A Context for this Model: Needs Assessment

This model is intended to serve within the development process of Distance Learning in higher education.

Designing a course, whose implementation is specifically intended for operation on a network, will take into consideration a number of factors in its management and implementation. This includes the choice of system to use for publication, the temporal component of lesson sequencing, the means through which members of the group interact, the plasticity of the system to accommodate changes in the course activity, the submission process, and the feedback process.

My proposed ISD model will attempt to cast a “semantic light” upon each of the gateways involved in the implementation of course material to see how the media of information delivery both “cast their shadow” (how does the medium assert its presence, dimensionally, and upon what other objects does this shadow appear?), and how will the “semantic texture” of the medium affect the character of the light that is reflected from it (does the medium conserve light or absorb it?). This is a lot metaphoric mumbo jumbo, pointing to little more than a guy with his pipe, pulling his chin and going, “Hmmmm…” Not until I put some more substantial meat on this thing’s bones will I be able to speak more coherently about what I mean. I will be relying on Anthony Wilden and others to help with that.

So, if we define a Needs Assessment to something such as, “Students with no pre-professional experience seeking employment will need to utilize online job search tools to locate areas where meaningful job opportunities are listed”, we may find a course of instruction that will facilitate a certain objective. If this is a Distance Learning environment, then a student with little experience in the the logistics of using online tools will need a form of instruction to navigate this task that takes into account a certain form of guidance. this may take the form of a text-based job aid, a video, a wiki, or a list of links for other resources. In this context, how certain will the instructor/instructional designer be that the learning material will be sufficient to respond to the relative finite form of text-based information on the logistics of an online job search? Does online text-based instruction carry with it sufficient resolution, i.e. contingency for addressing possible learner needs? In this case, my proposed ISD model would attempt to function independent of content, and inform the ID of the potential risks involved with relying on a certain medium. The effect would be to either compose the content with a style of presentation that accounts for the disorientation of the online environment, suggest an alternative medium, or revise the learning objectives.
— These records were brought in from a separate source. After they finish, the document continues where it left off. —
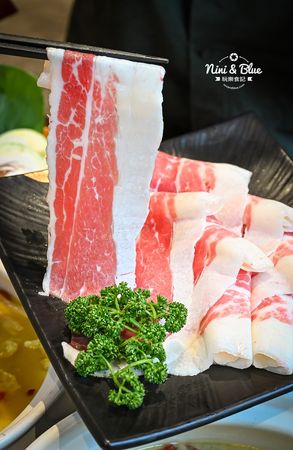 ▲▼如嬌花膠雞鍋物，上萬元花膠入鍋的雞湯濃厚黏唇，台中老宅、有包廂、寵物友善餐廳。（圖／部落客Nini and Blue 玩樂食記授權提供）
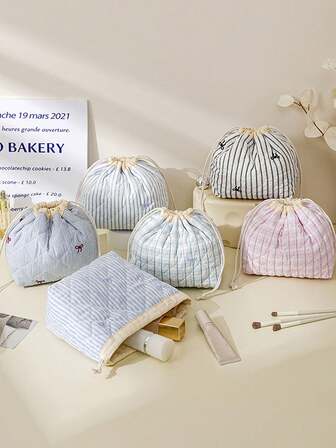 1 st rutig/randig kvinna dragsko sminkväska sminkväska organizer hudvårdsväska resa bärbar stor kapacitet multifunktionell necessär sminkpåse necessär tampongförvaringspåse binda servettförvaringspåse för läppstift, borstar, hudvård, mobiltelefon, mynt, små föremål, för hemmet, resor, semester och skola för resor, semester och skola, bröllop brudtärnepresenter, mammapresenter, födelsedagspresenter, presenter till vänner, julklappar sminkväska reseviktigt kryssningsviktigt semesterviktigt för män kvinnor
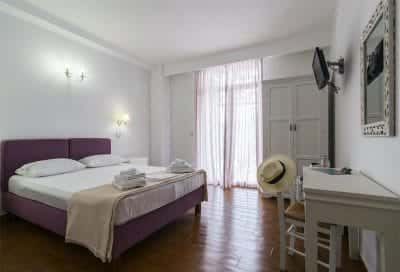 MALION ROOMS ΕΝΟΙΚΙΑΖΟΜΕΝΑ ΔΩΜΑΤΙΑ ΜΗΛΟΣ ΝΙΝΟΣ ΕΜΜΑΝΟΥΗΛ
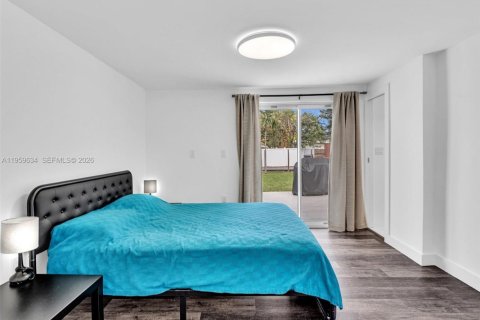 Casa en alquiler en Hollywood, Florida, 4 dormitorios, 134.06 m2 № 2027694 - foto 15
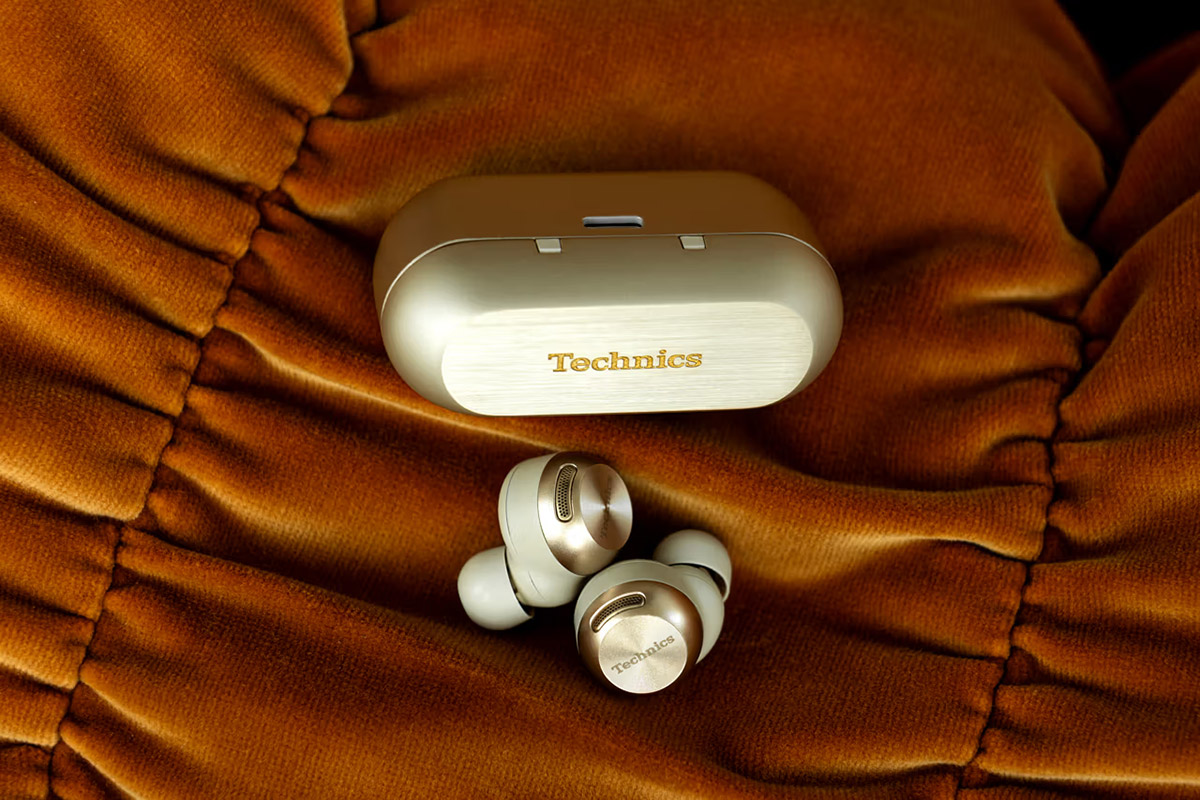 Technics EAH-AZ100 earbuds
The cost to meet or ignore these needs may be measured by learner satisfaction. Would poorly designed Distance Learning affect a student’s willingness to “buy into” continued investment, or further study? Higher education institutions appear to have leveraged their branding quite heavily on the value of Distance Learning, offering it at the same price, for the same amount of credit. We should not assume that the transfer of information is not inherently equal than traditional methods.